The year 2025 was declared the International Year of Glaciers' Preservation (IYGP2025) by the United Nations General Assembly to "highlight the importance of glaciers and ensure that those relying on them...receive the necessary.. services". The declaration was made at a request the mountainous country of Tajikistan made during 2022. Melting ice and glaciers threaten water security in many regions, including Tajikistan.

Objectives of the declaration include:

- Raising awareness of melting glaciers.
- Advocating changes in policy and sustainable measures to preserve glaciers.

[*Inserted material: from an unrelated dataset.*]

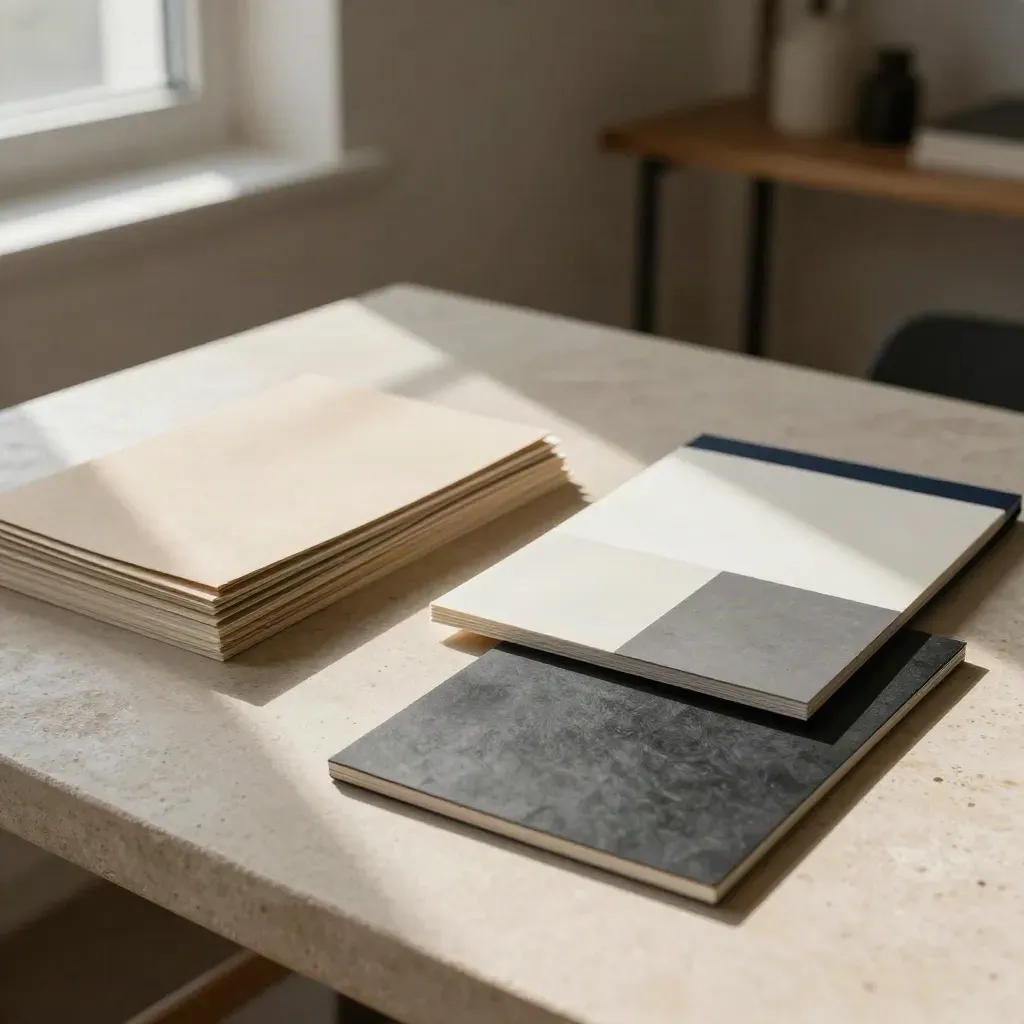 Sunlit brand strategy materials on pale stone with swatches, folio, cards and a charcoal board.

This commemoration was co-facilitated by UNESCO and the World Meteorological Organization. The official launch took place on March 21, which is also now the World Day for Glaciers. The International Conference of Glaciers' Preservation took place from May 29—June 1, 2025 in Dushanbe, Tajikistan. The conference resulted in the Dushanbe Glacier Declaration that calls for:

- a worldwide inventory of existing perennial ice and snow masses
- promotion of integrated approaches for climate mitigation, adaptation and resilience
- strengthened cooperation and partnerships among scientific institutions and relevant stakeholders about mountain cryosphere monitoring and research
- promotion of availability of research results and findings to all stakeholders
- increasing climate finance to support vulnerable mountain and downstream communities.

There are more than 275,000 glaciers in the world, covering about 700,000 km², and storing about 170,000 km^{3} of ice. This adds up to about 70% of the global freshwater. Glaciers yield important information about ecosystem health and history because atmospheric gases are preserved within the layers of ice, offering a precise timeline of the history of Earth's atmosphere. The global sea-level rise of 20 cm from 1900 is partly a result of melting glaciers.

== Legacy ==
Following the declaration of the International Year for Glaciers' Preservation in December 2022, in August 2024 the United Nations General Assembly declared 2025-2034 the Decade of Action for Cryospheric Sciences. This new initiative further promotes the objectives stated in the declaration of the year of glacier preservation, urging policy change and promoting scientific research in the fields of glacier preservation and cryospheric research.